The Philippine central bank raised its benchmark interest rates for the fourth time in five months on Thursday, pushing them to seven-year highs, and kept the door open for further tightening as it battles to cool inflation. With prices rising at the fastest pace in nearly a decade, the central bank's Monetary Board voted to increase the rate on its reverse repurchase facility by 50 basis points (bps) to 4.5 percent.
It also raised the rates on the overnight lending and deposit facilities by the same amount. The Bangko Sentral ng Pilipinas and Bank Indonesia have been the most aggressive central banks in Asia so far this year as their currencies take a beating. Both have now raised rates by 150 bps since May. Indonesia also hiked on Thursday, by a quarter-point.
Analysts said further BSP hikes are likely after the central bank said it was strongly committed "to take all necessary policy actions to address the threat of high inflation." The latest move had been widely expected by most analysts in a Reuters poll and followed a similar 50 bps hike in August, which was the biggest in 10 years.
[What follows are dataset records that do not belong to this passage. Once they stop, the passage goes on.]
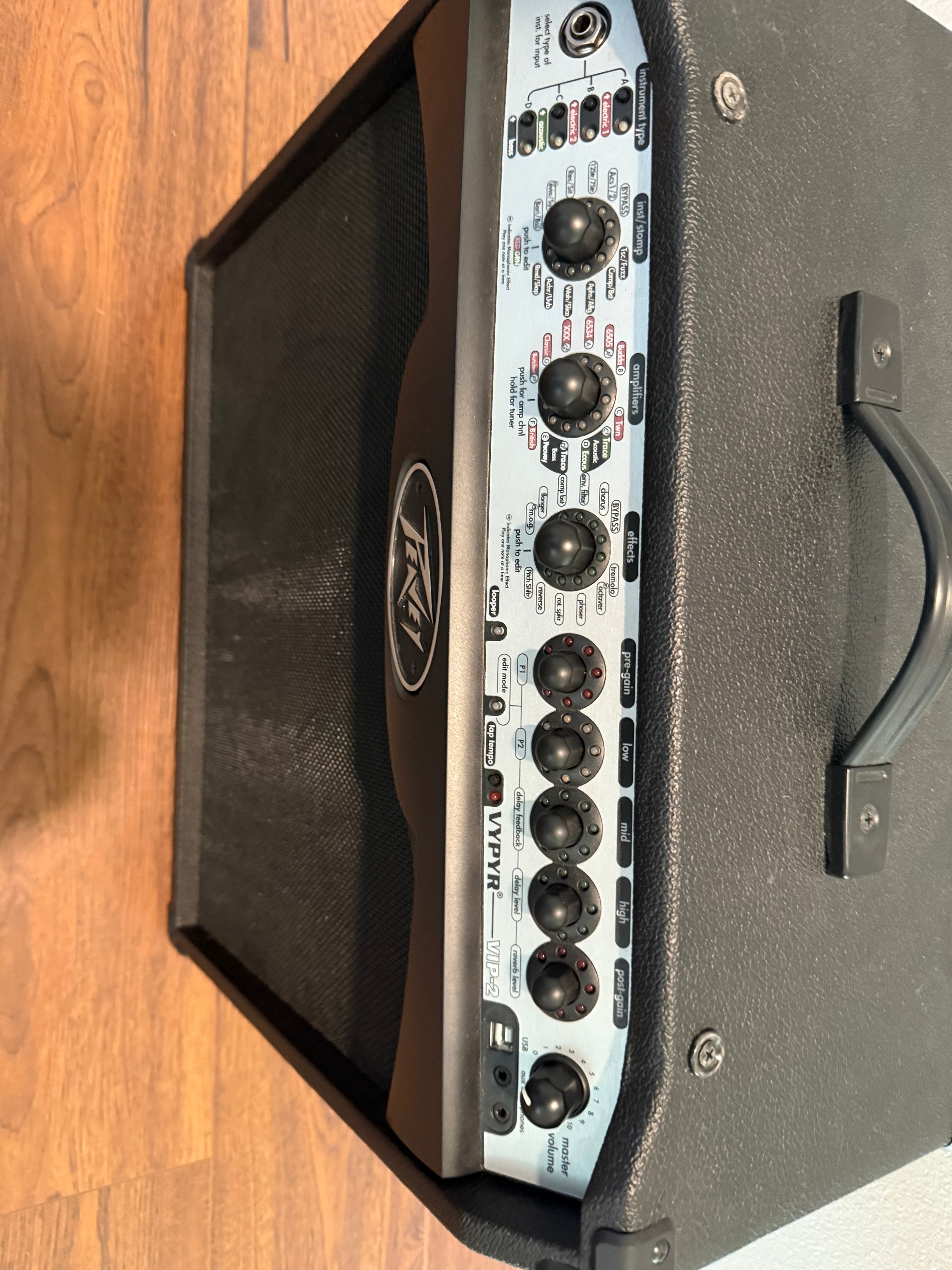 Used Peavey Vypyr VIP 2 40W combo amp with knobs and speaker grille visible in the image.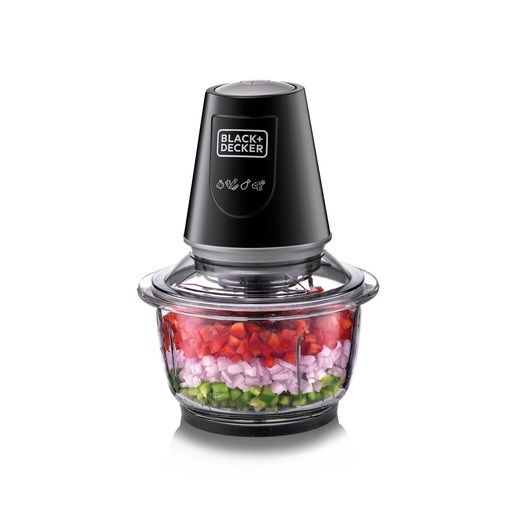 A BLACK+DECKER electric food chopper with a black top and a transparent glass bowl, filled with chopped vegetables including green peppers, onions, and red peppers.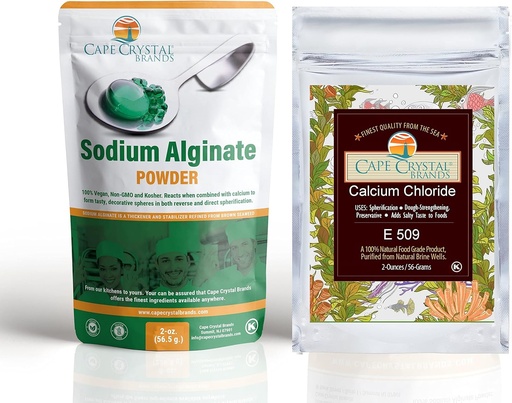 [BRSW2A3YBBYWK3T3] Cape Crystal Sodium Alginate and Calcium Chloride – Spherification Value Kit - Practice Molecular Gastronomy, 4-Oz.
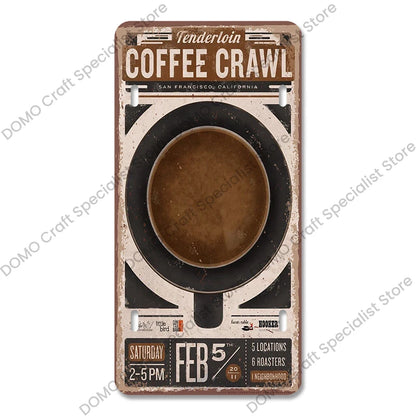Coffee Licenses Plate Vintage Metal Tin Signs Retro Coffee Time Metal Plaques for Cafe Kitchen Living Room Home Wall Art Decor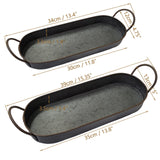 2 Pcs Metal Galvanized Tray Rustic Metal Decor Shabby Chic Farmhouse Tray Galvanized Centerpiece Oval Tray Set Auto-plaza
"The Monetary Board recognised that a further tightening of monetary policy was warranted by persistent signs of sustained and broadening price pressures," the central bank said in a statement. In August, inflation surged to a more than nine-year high of 6.4 percent, way above the central bank's 2-4 percent comfort range. It has been steadily rising due this year due to higher taxes, the weak peso, and rising food and fuel costs.
The BSP's key rate is now the highest since December 2011. It set the policy rate at 3.0 percent when it moved to an interest rate corridor framework in 2016 to make policy transmission faster and more efficient. The BSP also raised its average inflation forecasts to 5.2 percent for 2018, from 4.9 percent, and to 4.3 percent for 2019, from 3.7 percent, well above the target range.